Expanding on the drama
By Jennifer Huberdeau, North Adams Transcript
Saturday, March 8
NORTH ADAMS -- Sitting cross-legged on the floor of Brayton Elementary School's cafeteria, about 30 students -- all members of the fledgling Elementary School Drama Team -- bent over copies of a play, poring over the words as they prepared to read aloud Thursday afternoon.
Brows furrowed across some of the faces, as others chatted with the children next to them about who they wanted to portray.
"Remember, these parts are not carved in stone," Lisa Tanner, facilitator of the Elementary School Drama Team, said to the group. "I want to hear your voice. I want you to read it like you really want the part. Think of this as an audition."
She offered further encouragement, saying, "Kaycee did a really good job with the part of the donkey -- she brayed when she was reading it, and now she has the part."
The group fell silent as Tanner started handing out parts for three plays.
"I've already cast one of the four plays we'll be doing," she said. "We're doing four mini-plays that have been adapted from 'Grimm's Fairy Tales.' We're having one performance on May 30."
The drama team, made up of pupils attending Brayton, Greylock and Sullivan elementary schools, is still in its infancy as the North Adams Public Schools debuts its first district-wide drama program.
The program, which originated with a drama team and courses at Drury High School, was expanded this year to be open to students in every grade.
Superintendent James E. Monte-pare told the North Adams School Committee during its meeting last week that the program has been well received by students in every school.
"As you know, last year we put money into the budget for the drama program and hired Dr. Len Radin, who has volunteered with the (Drury) drama team for over 20 years, as the district drama coordinator," Montepare said. "This year, we have already had one production at the high school ("The Wizard of Oz") that had over 150 students involved with it in some way."
Radin said that for the last 20 years, the theater department has pretty much existed only at Drury with annual performances and courses taught throughout the year.
"All that changed in September," he told the committee. "I was asked to create or find a teaching curriculum for all grade levels. I did this by compiling information from three sources -- art standards set in the Massachusetts Curriculum Frame-works, information gleaned from educational theater programs and my own experience of what has worked over the last 20 years."

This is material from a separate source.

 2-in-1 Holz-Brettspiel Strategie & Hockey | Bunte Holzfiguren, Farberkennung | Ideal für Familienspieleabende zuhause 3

Radin said coordinators for the elementary and middle school programs were also recruited.
"We have hired Lisa Tanner for the elementary position," he said. "She has a degree in theater from MCLA. At the middle school, we've hired Melissa Quirk, a seventh-grade teacher with extensive theater experience."

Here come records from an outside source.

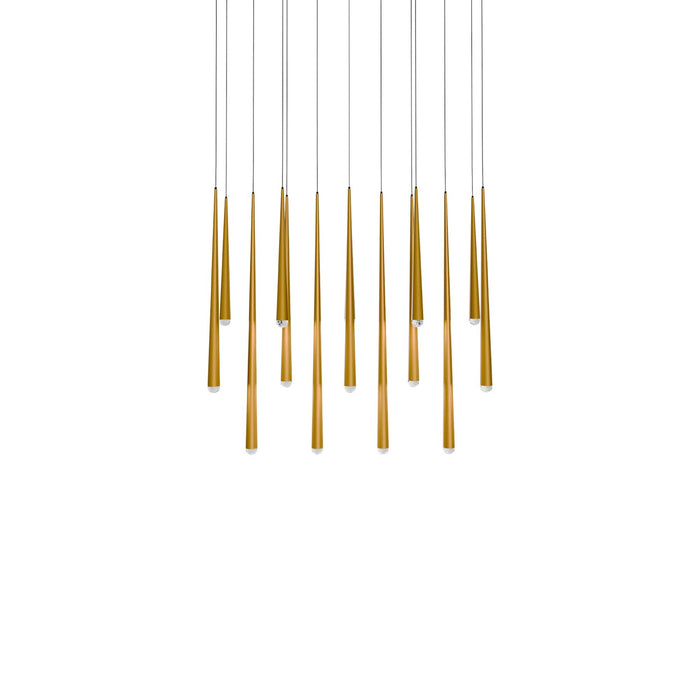 Cascade Linear LED Chandelier in Aged Brass/Crystal (14-Light).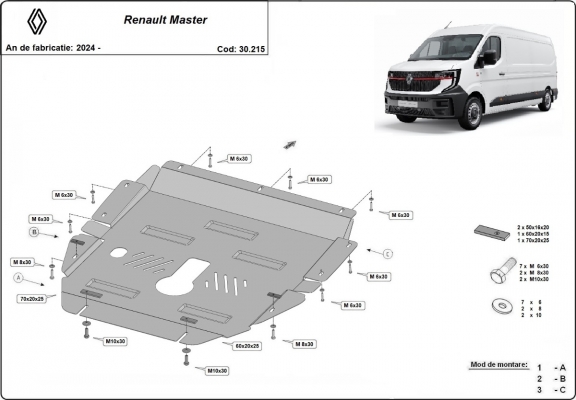Steel sump guard for Renault Master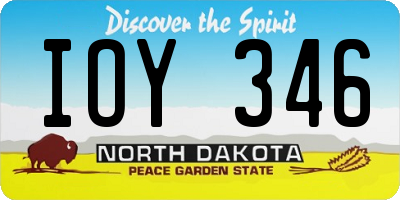 ND license plate IOY346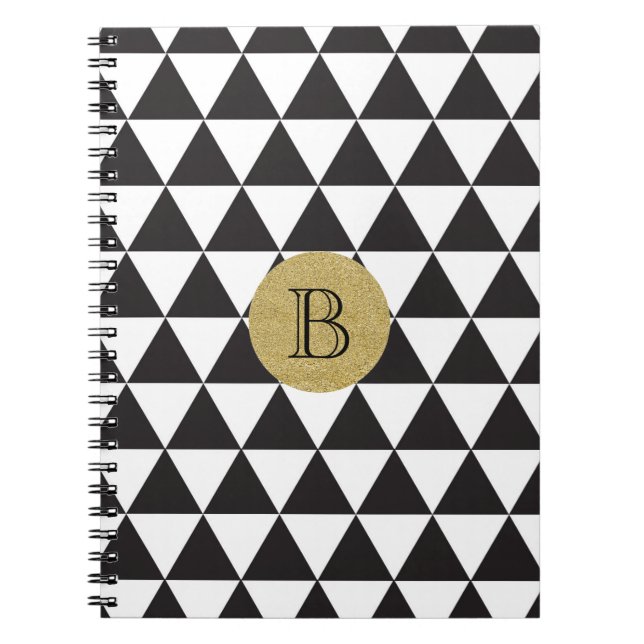 Black & White Triangles & Gold Glamor Chic Notebook (Front)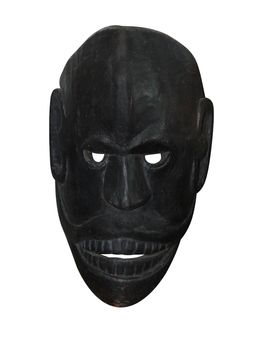 Black Wooden Mask isolated with clipping path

Quirk and her students will produce an abridged version of Shakespeare's "A Midsummer's Night's Dream" in May.
Radin said no other school in the [northern] Berkshires offers a drama program like the one created for the city.
"No school district had a better arts program," he said. "As far as I know, there are no other theater departments. Oh sure, there are drama clubs, but no one else offers theater classes."

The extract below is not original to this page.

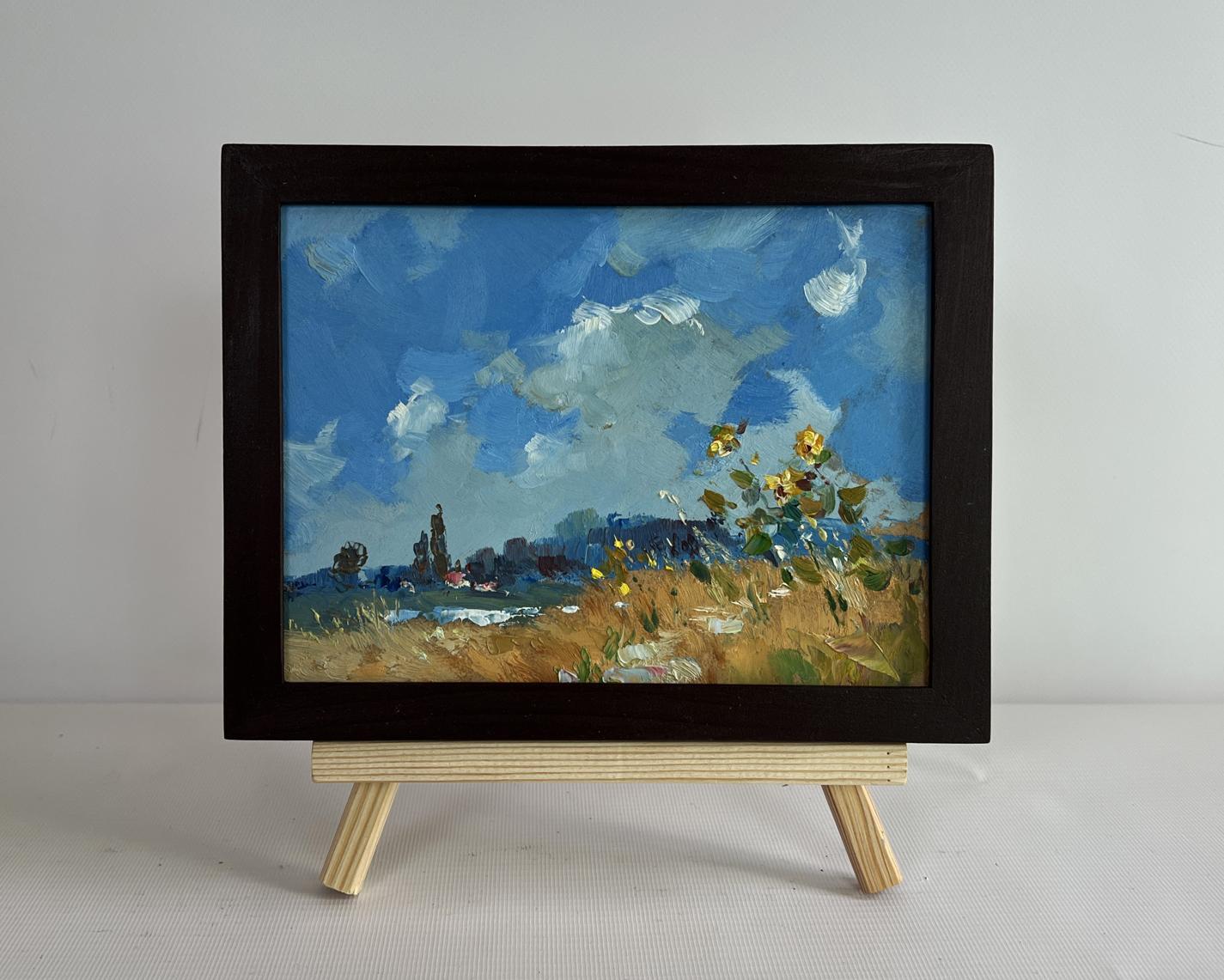 Oil painting Sunflowers reach for the sky by Yuriy Suprunchuk in dark frame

He stressed the importance of the arts in schools, pointing out that America's largest import is intellectual properties -- books, movies, plays.
"Eighty-nine percent of the American population believes that, in this time of international creativity and innovation, art is vital," Radin said. "Theater is the most inclusive of all the arts -- it uses vocals, dance, visual arts, carpentry, costuming, make-up and more."
At Brayton, the children weren't aware of the impact the drama team was having on their education or character building. For them, it's an outlet -- a place to hone their skills or just to have fun.
"I was in the play "Honk" with a local group," Lauren Cornell, a fourth-grader at Brayton, said. "I was waiting for another group to work with. I'm excited that I could join the drama team."
Rosalyn Lincoln, 9, a third-grader from Greylock, said she joined the program, which meets after school two days a week because acting is her favorite thing to do.
"I was in 'The Wizard of Oz' in November," she said. "It was so much fun -- and scary."
Bella Phaneuf, 10, a fifth-grader at Sullivan, said she didn't know at first if she would like the program.
"I've never done anything like this before," she said. "I decided to try it and see if I liked it. Now, I'm really excited that I'm going to be in a play."
Camron Lapine, 10, a fifth-grader at Greylock, said he sees the elementary school program as a kind of "warm-up" for the drama team at the middle school.
"This is what I'm going to do for a job," he said, a smile lighting up his face. "I'm going to be on Broadway."
He isn't the only one dreaming big. Kaycee Smith, 9, a third-grader from Sullivan (who will play the donkey in the adaptation of "Breman Town Musicians,") has several careers in mind.
"I'm going to act on television," she said. "I'm going to be in a band, too. This is great practice. I can't wait to do our play."